5. Temptation.

541 38 0
                                    

***

Davina bersiap untuk pergi. Dia akan melakukan wawancara kerja di sebuah perusahaan. Meski sebenarnya Greg melarangnya untuk bekerja.

Greg memperhatikan Davina yang tengah merias wajahnya. Tepatnya hanya bedak tipis dan lipbalm saja. Selebihnya mungkin hanyalah pakaian yang dipakainya, yang terlihat sederhana namun berasal dari brand ternama dunia.

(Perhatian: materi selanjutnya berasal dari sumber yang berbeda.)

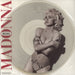 Madonna Holiday 91 -  Tea-Stained UK 12" vinyl picture disc (12 inch picture record) W0037TP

"Apa kau mau berdiri saja disitu?" ujar Davina melihat Greg hanya berdiri  bersandar di ambang pintu melihat dirinya bersiap.

Greg tertawa kecil, lalu melangkah memasuki kamar. Menyentuh pinggang Davina yang tengah mengikat rambutnya.

"Apa kau harus bekerja? Aku masih mampu membelikan barang-barang mewah setiap hari jika kau memintanya," kata Greg menatap Davina di cermin.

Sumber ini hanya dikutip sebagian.